There was something about Joe: I was alternately in awe of his physicality, and also charmed by his quiet shy smile. He had a slow loping walk that never looked like he was in a hurry, but because he was tall, he could cover a lot of ground quickly. His broad chest held high created a strong and unyielding presence. He was a talented and popular athlete although you would never call him a jock, and he was outdoorsy like many of us, living in an area surrounded by forests and mountains. He wasn’t an especially verbal guy, never the one taunting others or blathering on loudly to show off in front of his peers or the girls. Yet for this girl, his quietness was a magnet, and he was also as gentle and tender as she could ever imagine.
We were friends, or rather, we had the same group of friends, but I was never really sure what he thought of me. I figured I was just another girl in a pack of prettier, more popular and possibly more notorious and therefore more interesting girls in our gang. In the group, there always seemed to be pressure to talk, to entertain, to flirt like the popular girls, or to give up parts of my body to wandering hands.
After school was finished for the summer, I would see Joe at the grassy park where kids in the town would meet up randomly, between camps and jobs and family vacations. First circling around from afar to figure out who was there, and maybe taking a side trip to the local store first to indicate further indifference, we’d then sidle up to the group lounging on the grass and say, oh hi, how’s it going? Like we were surprised to bump into them there.
That summer we were moving on from the close-knit and sometimes suffocating childhood school and small community where we had grown up, to new high schools in the bigger county catchment, with students added in from the surrounding towns.

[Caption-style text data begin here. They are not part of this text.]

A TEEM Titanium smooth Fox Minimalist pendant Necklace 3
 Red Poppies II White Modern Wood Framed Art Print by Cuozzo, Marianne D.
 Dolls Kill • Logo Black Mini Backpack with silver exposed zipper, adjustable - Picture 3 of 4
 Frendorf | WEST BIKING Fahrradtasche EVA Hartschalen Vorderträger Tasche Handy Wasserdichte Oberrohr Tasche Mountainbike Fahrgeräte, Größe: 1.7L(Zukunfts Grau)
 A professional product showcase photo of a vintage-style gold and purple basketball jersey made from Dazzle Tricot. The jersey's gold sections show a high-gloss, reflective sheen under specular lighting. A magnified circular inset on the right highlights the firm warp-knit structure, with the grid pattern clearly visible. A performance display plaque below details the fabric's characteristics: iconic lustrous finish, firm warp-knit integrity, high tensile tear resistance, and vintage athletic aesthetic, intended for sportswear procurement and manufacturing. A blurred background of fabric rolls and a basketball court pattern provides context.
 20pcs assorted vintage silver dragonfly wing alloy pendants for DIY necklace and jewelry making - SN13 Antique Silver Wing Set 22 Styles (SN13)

It was the time when our grownups said the decisions we made from now on would Have Consequences.
Coming from a small class of long-time friends, we were excited about what was to come and trying to be brave. We were ready. But in the meantime, we had one last summer of what could still be considered childhood to enjoy—although none of us would EVER call ourselves children. Time was suspended with anticipation; like that pause after the long climb up a roller-coaster before the big descent into the whirlwind and startling curves we knew were coming.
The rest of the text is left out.